I am training a new entity FULL_NAME which would detect full names in texts, but I have a problem deciding what would be the correct way to handle names insides the addresses e.g. “Albert Einstein DD David Murray John Tower, Swindon, Wiltshire United Kingdom”, here I know that Albert Einstein is the person himself and David Murray is part of address and not a FULL_NAME in this context (according to my definition of full name).
What I am afraid of is that if the model will be able to learn the difference or the boundary of “it’s a full_name or not” here is too fuzzy"?
If I choose to accept David Murray as a FULL_NAME, with the idea that letter I could remove it with some rule-based approach, is it a problem that I have another entity ADDRESS which in this example would be:
“DD David Murray John Tower, Swindon, Wiltshire United Kingdom”, and would overlap with the entity FULL_NAME?

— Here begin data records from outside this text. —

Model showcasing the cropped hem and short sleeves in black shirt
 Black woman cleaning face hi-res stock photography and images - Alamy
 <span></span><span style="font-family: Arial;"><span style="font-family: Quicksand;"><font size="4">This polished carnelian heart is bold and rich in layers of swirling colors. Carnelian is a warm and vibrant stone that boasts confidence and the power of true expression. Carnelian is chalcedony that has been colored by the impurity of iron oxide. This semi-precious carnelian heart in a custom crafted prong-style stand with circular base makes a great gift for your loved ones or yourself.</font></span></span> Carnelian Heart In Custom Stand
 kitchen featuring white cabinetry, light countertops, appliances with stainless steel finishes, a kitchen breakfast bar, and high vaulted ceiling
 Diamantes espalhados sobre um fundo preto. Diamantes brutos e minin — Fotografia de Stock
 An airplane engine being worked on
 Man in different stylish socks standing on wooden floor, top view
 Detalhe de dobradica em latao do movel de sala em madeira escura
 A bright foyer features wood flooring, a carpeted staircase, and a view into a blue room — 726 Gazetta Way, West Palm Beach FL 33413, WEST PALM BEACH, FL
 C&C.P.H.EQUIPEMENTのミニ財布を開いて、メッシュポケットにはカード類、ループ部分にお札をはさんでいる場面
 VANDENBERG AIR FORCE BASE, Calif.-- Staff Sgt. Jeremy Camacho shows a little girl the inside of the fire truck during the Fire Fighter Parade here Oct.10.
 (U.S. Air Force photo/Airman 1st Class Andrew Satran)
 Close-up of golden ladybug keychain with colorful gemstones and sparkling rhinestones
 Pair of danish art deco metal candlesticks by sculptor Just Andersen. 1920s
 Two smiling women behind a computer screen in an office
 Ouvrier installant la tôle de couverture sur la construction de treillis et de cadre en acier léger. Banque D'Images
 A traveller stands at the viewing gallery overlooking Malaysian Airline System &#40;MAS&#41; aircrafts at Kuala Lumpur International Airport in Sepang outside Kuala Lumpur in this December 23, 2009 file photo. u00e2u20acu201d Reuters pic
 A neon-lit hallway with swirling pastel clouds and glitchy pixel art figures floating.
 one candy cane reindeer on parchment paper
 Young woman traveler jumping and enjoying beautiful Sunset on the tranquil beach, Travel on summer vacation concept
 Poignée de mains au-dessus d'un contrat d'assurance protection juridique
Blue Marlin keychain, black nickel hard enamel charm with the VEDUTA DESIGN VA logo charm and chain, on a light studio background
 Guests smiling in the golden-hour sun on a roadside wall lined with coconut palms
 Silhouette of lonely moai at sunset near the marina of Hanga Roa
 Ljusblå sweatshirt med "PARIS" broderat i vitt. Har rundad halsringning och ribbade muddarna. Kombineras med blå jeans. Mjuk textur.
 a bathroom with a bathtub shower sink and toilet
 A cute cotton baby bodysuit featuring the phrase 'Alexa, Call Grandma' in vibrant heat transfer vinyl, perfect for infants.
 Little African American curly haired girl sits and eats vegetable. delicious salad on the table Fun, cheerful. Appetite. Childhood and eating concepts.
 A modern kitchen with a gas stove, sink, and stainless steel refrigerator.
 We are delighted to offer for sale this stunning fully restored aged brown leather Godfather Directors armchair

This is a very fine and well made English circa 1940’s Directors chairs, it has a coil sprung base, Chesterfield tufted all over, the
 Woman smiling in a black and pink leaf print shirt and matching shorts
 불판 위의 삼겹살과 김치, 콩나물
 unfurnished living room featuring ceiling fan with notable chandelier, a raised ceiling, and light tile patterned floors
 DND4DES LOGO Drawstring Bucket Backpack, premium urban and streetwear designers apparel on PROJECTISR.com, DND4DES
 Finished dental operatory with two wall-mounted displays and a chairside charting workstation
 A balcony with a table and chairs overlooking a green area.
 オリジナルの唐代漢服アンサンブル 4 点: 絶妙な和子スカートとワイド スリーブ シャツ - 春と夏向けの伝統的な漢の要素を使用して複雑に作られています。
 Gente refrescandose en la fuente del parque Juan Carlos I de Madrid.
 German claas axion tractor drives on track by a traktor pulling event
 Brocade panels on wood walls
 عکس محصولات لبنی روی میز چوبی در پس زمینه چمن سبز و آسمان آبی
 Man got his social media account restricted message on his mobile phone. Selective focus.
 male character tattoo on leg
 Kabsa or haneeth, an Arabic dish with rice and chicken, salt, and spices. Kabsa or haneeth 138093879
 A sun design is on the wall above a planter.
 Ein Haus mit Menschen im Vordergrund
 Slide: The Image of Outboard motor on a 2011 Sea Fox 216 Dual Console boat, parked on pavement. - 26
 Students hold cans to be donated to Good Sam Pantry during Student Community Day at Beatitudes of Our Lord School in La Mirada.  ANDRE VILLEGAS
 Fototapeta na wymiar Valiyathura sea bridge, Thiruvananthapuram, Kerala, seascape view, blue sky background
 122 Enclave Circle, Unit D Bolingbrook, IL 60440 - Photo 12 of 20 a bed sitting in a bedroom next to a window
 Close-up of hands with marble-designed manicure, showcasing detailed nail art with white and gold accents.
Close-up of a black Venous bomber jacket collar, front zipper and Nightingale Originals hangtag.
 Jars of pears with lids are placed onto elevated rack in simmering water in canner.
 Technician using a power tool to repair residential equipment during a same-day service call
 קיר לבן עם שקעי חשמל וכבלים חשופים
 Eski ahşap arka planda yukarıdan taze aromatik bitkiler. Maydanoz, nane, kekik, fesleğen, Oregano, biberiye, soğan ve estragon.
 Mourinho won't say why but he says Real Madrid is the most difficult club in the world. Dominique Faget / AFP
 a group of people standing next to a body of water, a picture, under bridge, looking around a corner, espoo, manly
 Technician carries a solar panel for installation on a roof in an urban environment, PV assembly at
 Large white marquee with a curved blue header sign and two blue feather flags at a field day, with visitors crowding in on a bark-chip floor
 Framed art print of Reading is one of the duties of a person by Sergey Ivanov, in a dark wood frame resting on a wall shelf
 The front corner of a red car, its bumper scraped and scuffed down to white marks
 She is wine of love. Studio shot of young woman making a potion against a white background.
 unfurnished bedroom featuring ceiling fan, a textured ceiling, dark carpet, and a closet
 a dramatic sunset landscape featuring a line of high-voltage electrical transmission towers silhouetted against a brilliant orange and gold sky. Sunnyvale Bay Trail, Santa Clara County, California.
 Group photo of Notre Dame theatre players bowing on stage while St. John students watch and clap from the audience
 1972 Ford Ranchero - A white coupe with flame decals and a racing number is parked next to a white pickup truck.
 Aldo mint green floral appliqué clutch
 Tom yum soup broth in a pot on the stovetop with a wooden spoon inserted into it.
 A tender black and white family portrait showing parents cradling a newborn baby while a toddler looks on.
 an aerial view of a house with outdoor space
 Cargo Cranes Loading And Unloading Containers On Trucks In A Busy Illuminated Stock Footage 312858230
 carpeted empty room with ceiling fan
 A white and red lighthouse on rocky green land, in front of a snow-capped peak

I do think you’ll be making your task quite difficult if you distinguish names inside addresses like that. On the other hand, it’s true that you’ll get the overlap issue, so you wouldn’t be able to have the same model do the addresses and the names, if they overlap.
Have you considered annotating the elements of the address? So you would have subcategories like building, number, country etc. This might reduce the word-to-category ambiguity. The downside is it might take too much longer to annotate.